Exercise prompt:
Please write out only the lines from the one containing "Decoupage pendant necklace, 'Otomi" through the last line of the listing. Do not include pictures.

Data to process:
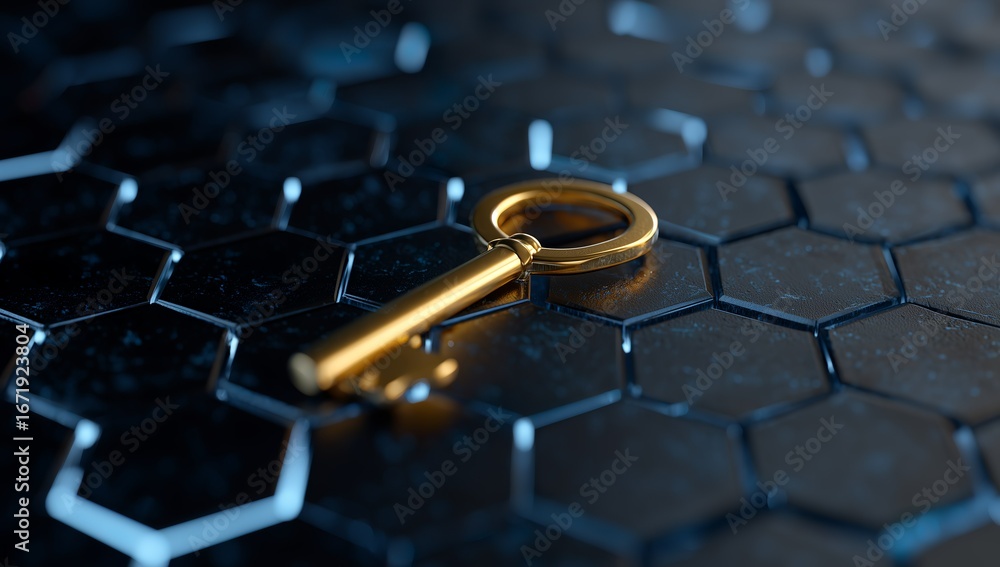 Poster golden key on hexagonal metallic background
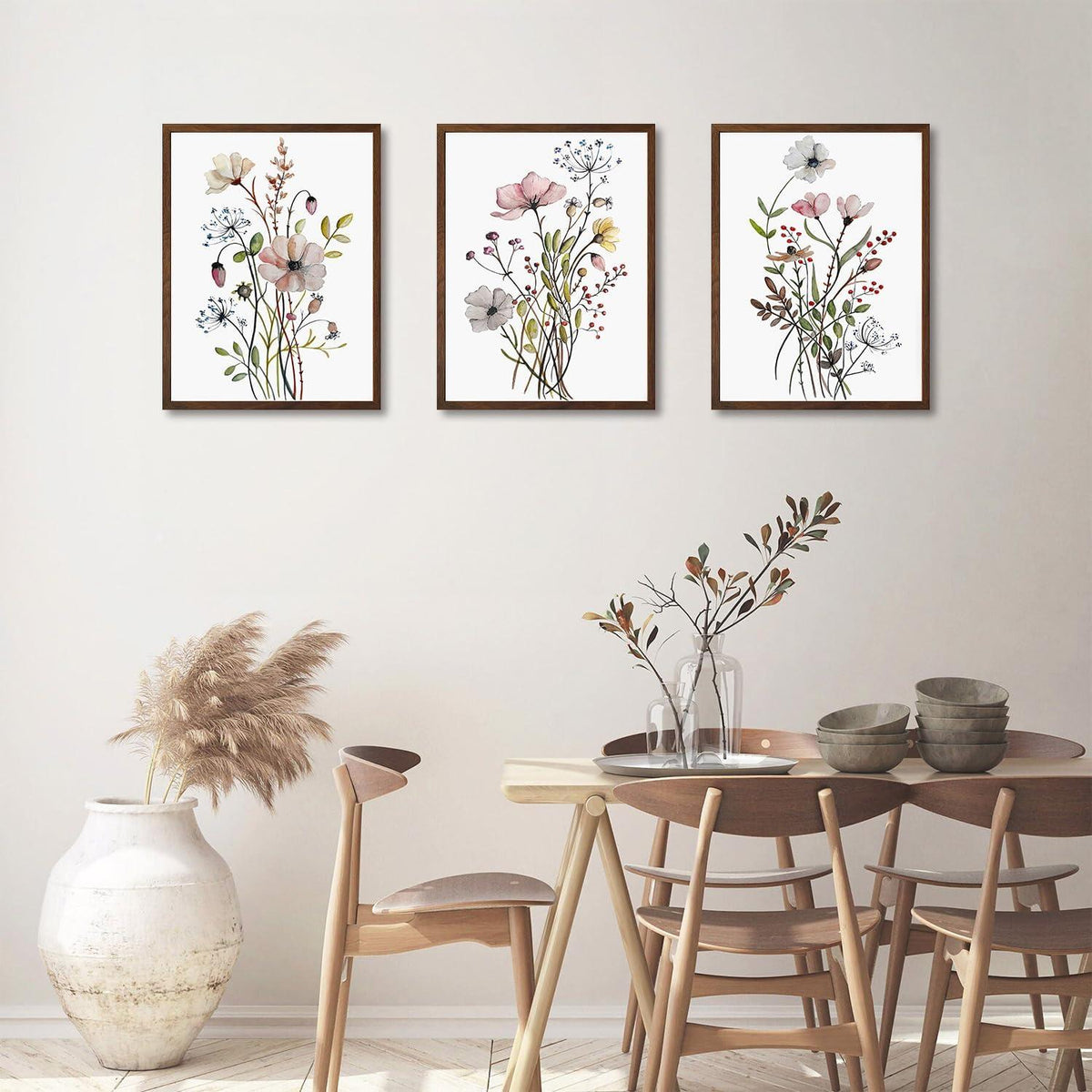 Botanische Leinwandbilder Set für Wohnzimmer Deko 30x40cm, 3er Pack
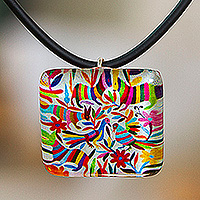 Decoupage pendant necklace, 'Otomi Embroidery' - Decoupage on Glass Otomi Tenango Embroidery Pendant Necklace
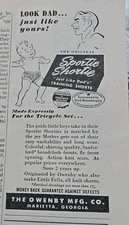1947 Owenby Co Mens Boys Sportie Shortie Underwear Vintage Look Dad ad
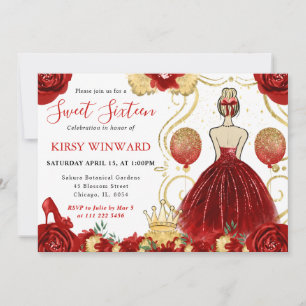 Invitation Robe Rouge Cheveux Blonds Princesse Sweet 16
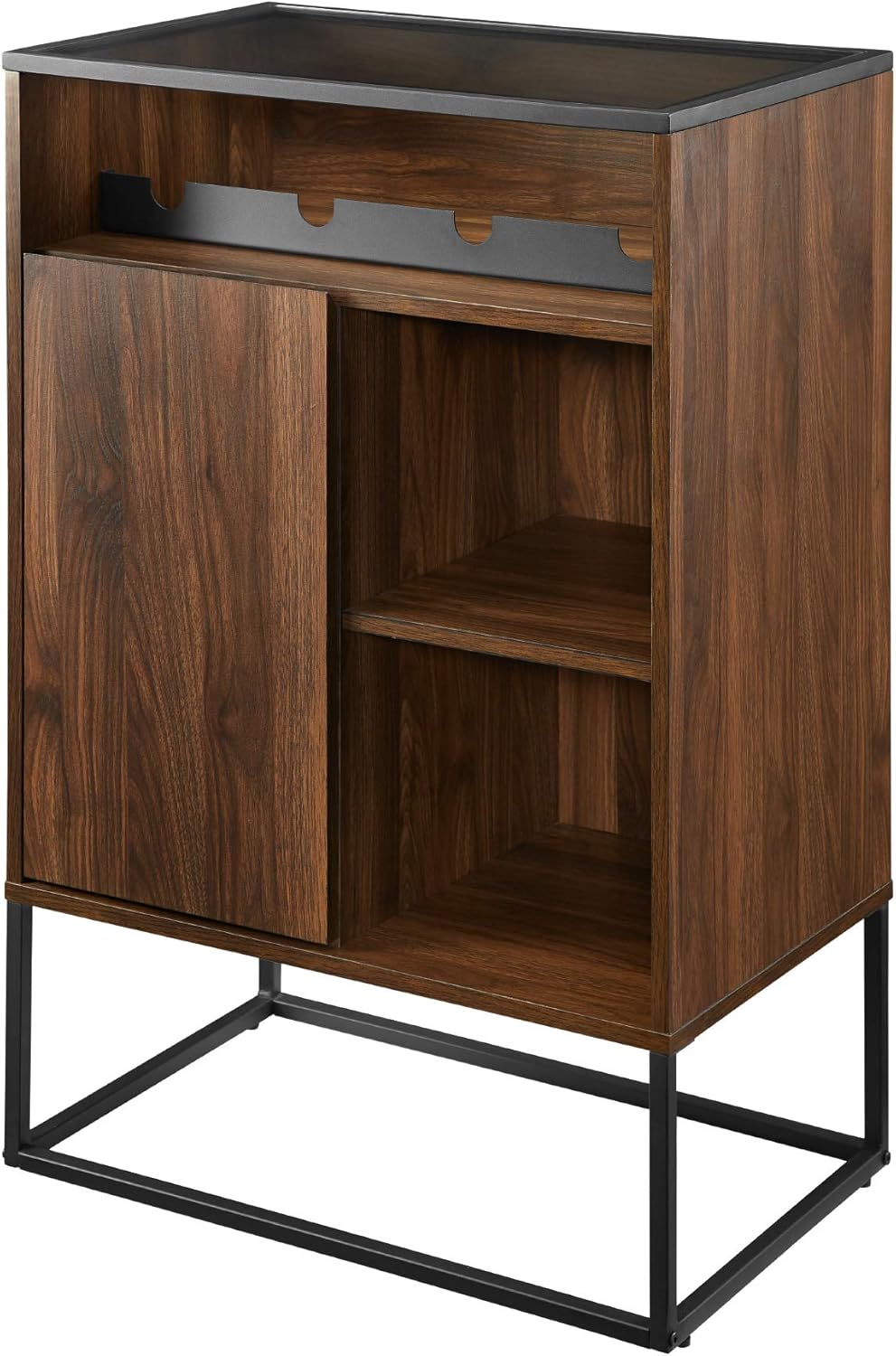 Dark Walnut 24 Inch Wood and Glass Storage Cabinet R5886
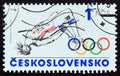 Postage stamp Czechoslovakia 1984, Olympic games high jump athlete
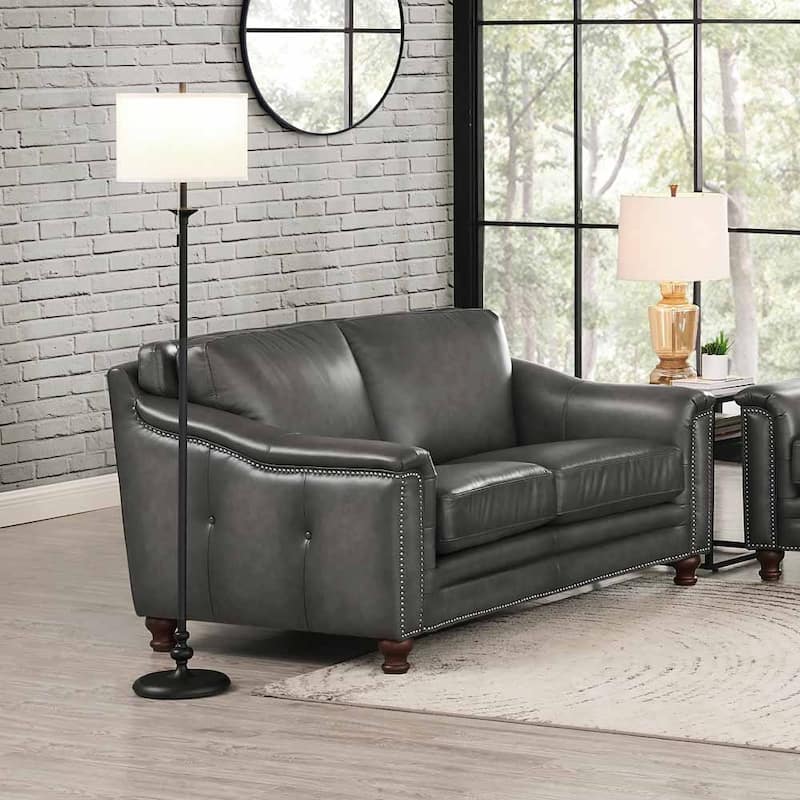 Hydeline Belfast Top Grain Leather Loveseat, Feather, Memory Foam and Springs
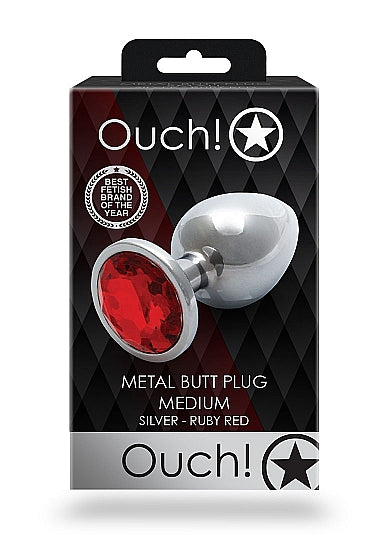 ROUND GEM BUTT PLUG MEDIUM SILVER RUBY RED - SHTOU794SIL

Output below:
 Decoupage pendant necklace, 'Otomi Embroidery' - Decoupage on Glass Otomi Tenango Embroidery Pendant Necklace
1947 Owenby Co Mens Boys Sportie Shortie Underwear Vintage Look Dad ad
 Invitation Robe Rouge Cheveux Blonds Princesse Sweet 16
 Dark Walnut 24 Inch Wood and Glass Storage Cabinet R5886
 Postage stamp Czechoslovakia 1984, Olympic games high jump athlete
 Hydeline Belfast Top Grain Leather Loveseat, Feather, Memory Foam and Springs
 ROUND GEM BUTT PLUG MEDIUM SILVER RUBY RED - SHTOU794SIL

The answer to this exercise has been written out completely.